=== Problem ===
For the material below, the expected output is exactly the lines between the line holding "IFINGER Teclado español" and the line holding "Diy Electric Drill", inclusive, with pictures left out.

=== Exercise materials ===

┄┄┄┄┄┄┄┄┄┄┄┄┄┄┄┄┄┄┄┄

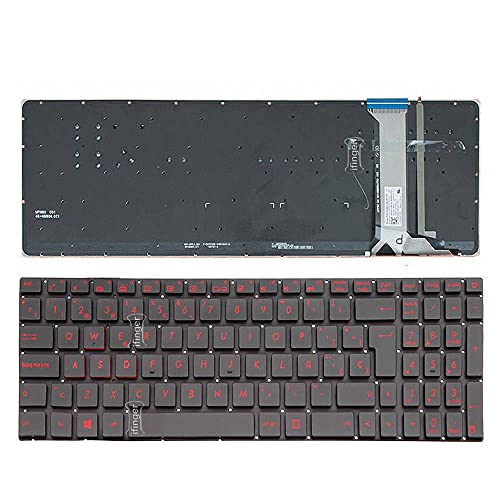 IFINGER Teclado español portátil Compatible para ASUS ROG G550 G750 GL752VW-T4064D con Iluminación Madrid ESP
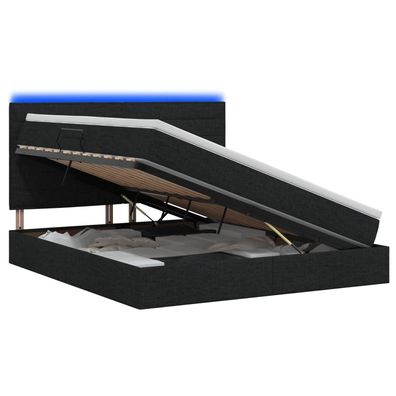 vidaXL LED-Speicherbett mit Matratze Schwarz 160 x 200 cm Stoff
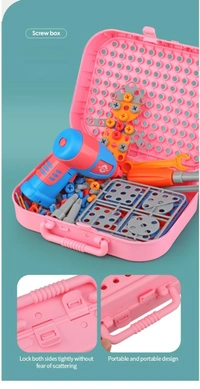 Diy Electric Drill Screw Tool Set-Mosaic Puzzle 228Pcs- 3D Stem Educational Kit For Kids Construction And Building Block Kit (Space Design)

┄┄┄┄┄┄┄┄┄┄┄┄┄┄┄┄┄┄┄┄

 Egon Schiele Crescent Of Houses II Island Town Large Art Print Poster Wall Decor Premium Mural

┄┄┄┄┄┄┄┄┄┄┄┄┄┄┄┄┄┄┄┄

=== Answer to this exercise ===
 IFINGER Teclado español portátil Compatible para ASUS ROG G550 G750 GL752VW-T4064D con Iluminación Madrid ESP
 vidaXL LED-Speicherbett mit Matratze Schwarz 160 x 200 cm Stoff
 Diy Electric Drill Screw Tool Set-Mosaic Puzzle 228Pcs- 3D Stem Educational Kit For Kids Construction And Building Block Kit (Space Design)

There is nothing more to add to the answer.